Rabbimize doğru koşarken eğer ayak bağımız insansa onu hal’ ederiz, mal ise onu da hal ederiz diyoruz.
Yatağımıza yatmadan önce Kunut duasında Fatiha’ da okuduğumuzu tekrarlıyoruz ve “Allah’ım, biz ancak sana kulluk yaparız” diyoruz. Yani kula kul olmayız.
اللَّهُمَّ إيَّاكَ نَعْبُدُ وَلَك نُصَلِّي وَنَسْجُدُ وَإِلَيْك نَسْعَى
“Senin için namaz kılar secde ederiz ve ancak senin rızan için çalışırız.” Derken yaptığımız ibadeti de secdeleri de riya/gösteriş için yapmadığımızı ifade ederiz.

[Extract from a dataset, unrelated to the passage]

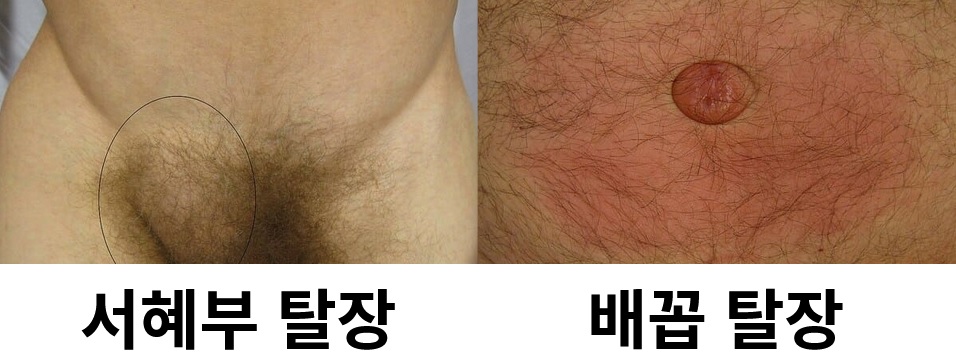 탈장-종류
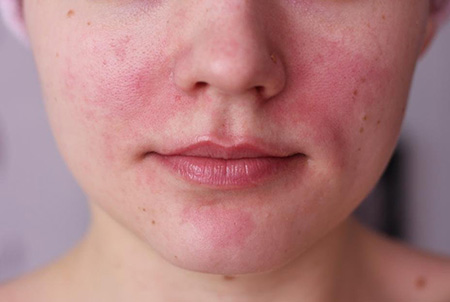 При кожных заболеваниях (дрожжевой грибок и др.) в области лица часто фиксируется покраснение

İbadetlerimizi ticarete dönüştürmemeye kendimizi ikna duaları yaparız.
وَنَحْفِدُ نَرْجُو رَحْمَتَك وَنَخْشَى عَذَابَك إنَّ عَذَابَك بِالْكُفَّارِ مُلْحَقٌ
“Sana hizmet eder, rahmetini ümit eder, azabından korkarız. Senin azabın kafirlere mutlaka kavuşacaktır.” Derken Cenabu Hakkın kurallarına göre yaptığımız her hizmetin faydası halka olsa da bu hizmetleri biz, Hakkın rızası için yaptığımıza inanırız.
Kafirlerle buluşacak olan azabdan da korkarız ve kafirlerinde o azaba kavuşmaması için, canlarının cehennemde yanmaması için malımızı, canımızı Allah’ın dinine bütün insanların iman etmesi için harcamayı ibadet kabul eder, bu yolda verdiği malın da canın da Allah katında cennet karşılığında satın alındığına iman ederiz.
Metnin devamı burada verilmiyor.